ERIC Number: ED229357
Record Type: RIE
Publication Date: 1983-Apr
Reference Count: 0
Differences in Job Satisfaction of Athletic Coaches in Revenue and Non-Revenue Sports.
Evans, Virden; And Others
A study investigated whether or not the job satisfaction of athletic coaches is influenced by the fact that their sports were revenue or nonrevenue producing. A revenue sport was identified as one being able to sustain itself financially within the university (baseball, football, basketball). Nonrevenue sports were identified as tennis, swimming, golf, and field and track. Head coaches from 95 colleges responded to a personal data sheet and a 50-item job satisfaction questionnaire. Findings revealed: (1) Coaches of nonrevenue sports had higher work demand satisfaction; (2) Coaches of revenue sports achieved higher mean scores on job satisfaction; (3) Coaches of revenue sports were more satisfied with the administration/organizational phase of their job; (4) Most of the coaches were dissatisfied with their salary; (5) Both groups were fairly satisfied with their job security; (6) Both groups were satisfied with their personal initiative on the job; (7) Coaches in revenue sports were more satisfied with the recognition they received; (8) Both groups were fairly satisfied with the racial balance in their working environments and organizational aspects of their jobs; and (9) The coaches overall were satisfied with their jobs.
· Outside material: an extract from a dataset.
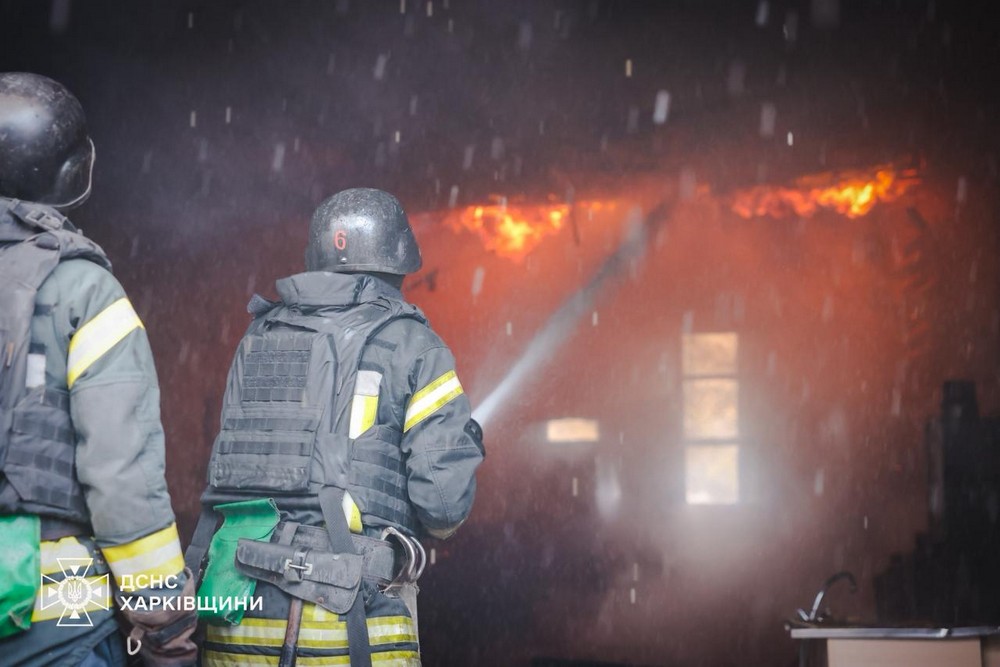 Харківщина 4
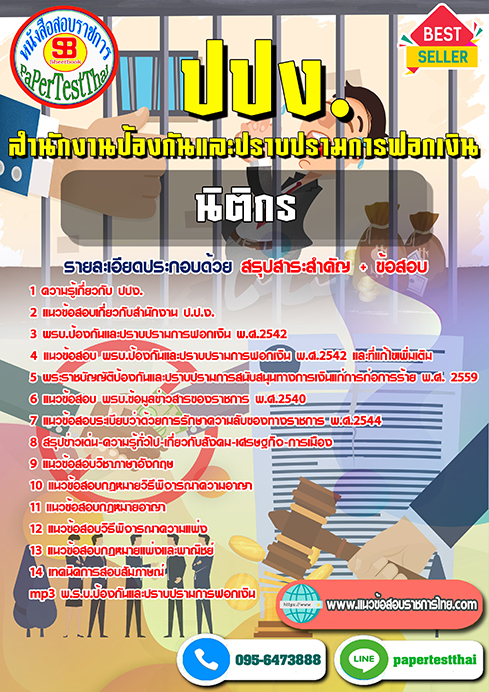 สรุปแนวข้อสอบ นิติกรปฏิบัติการ สำนักงาน ปปง.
Implications for school administrators are discussed. (JD)
Publication Type: Speeches/Meeting Papers; Reports - Research
Education Level: N/A
Authoring Institution: N/A
Identifiers: Revenue Producing Sports
Note: Paper presented at the Annual Meeting of the American Alliance for Health, Physical Education, Recreation and Dance (Minneapolis, MN, April 7-10, 1983).